Goal of the exercise =>
Drop every image, then reproduce the data exactly as given.

Given material =>
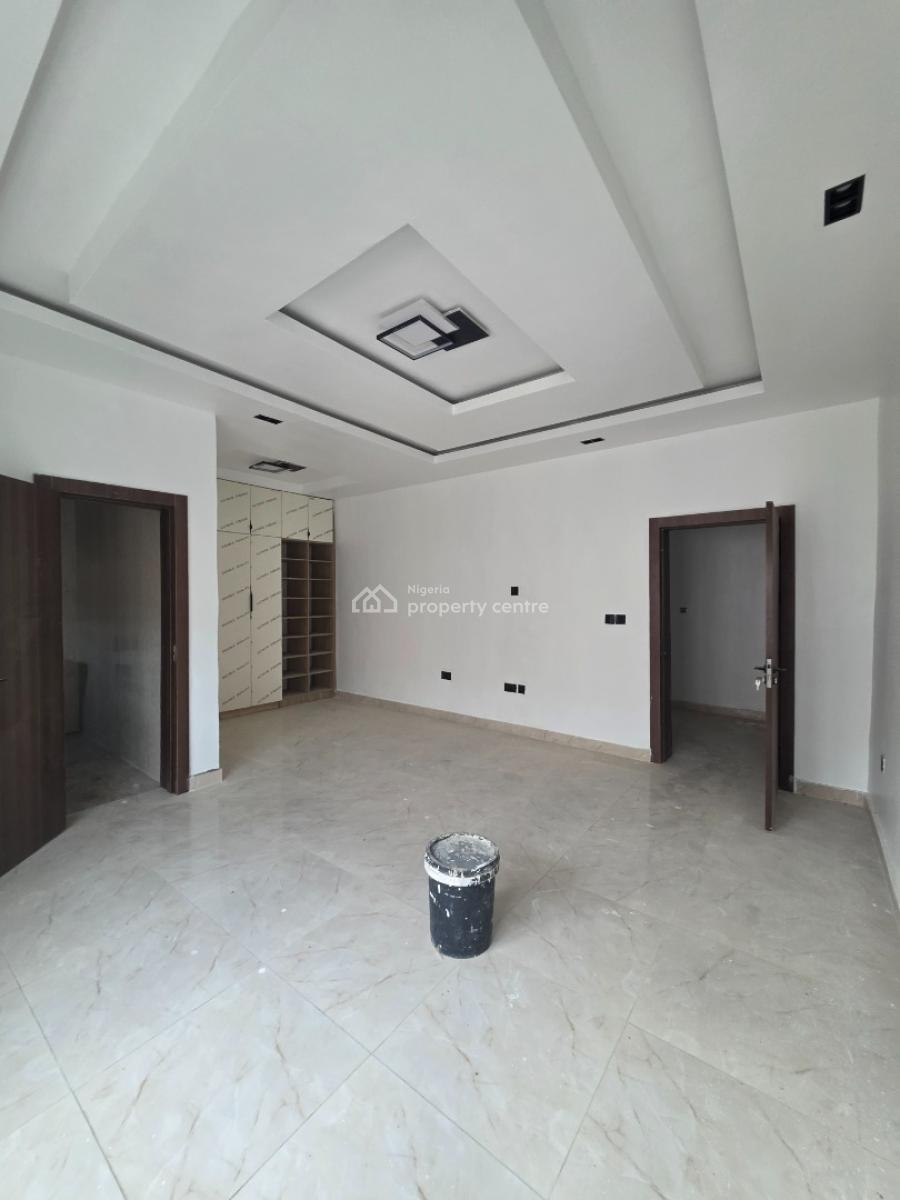 Luxury 4 Bedroom Terrace Duplex with Excellent Finishing, Alaka Estate, Surulere, Lagos, Terraced Duplex for Sale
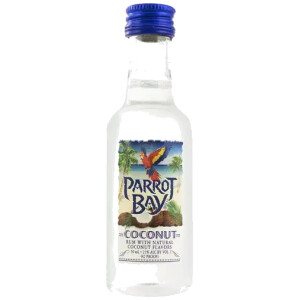 PARROT BAY COCONUT RUM
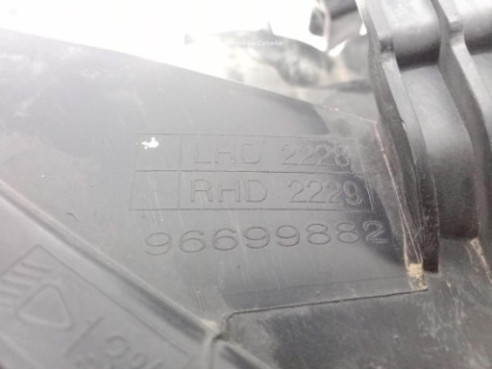 96699882 FARO DERECHO OPEL ANTARA (L07)|Desguaces La Cabaña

Solved exercise =>
 Luxury 4 Bedroom Terrace Duplex with Excellent Finishing, Alaka Estate, Surulere, Lagos, Terraced Duplex for Sale
 PARROT BAY COCONUT RUM
 96699882 FARO DERECHO OPEL ANTARA (L07)|Desguaces La Cabaña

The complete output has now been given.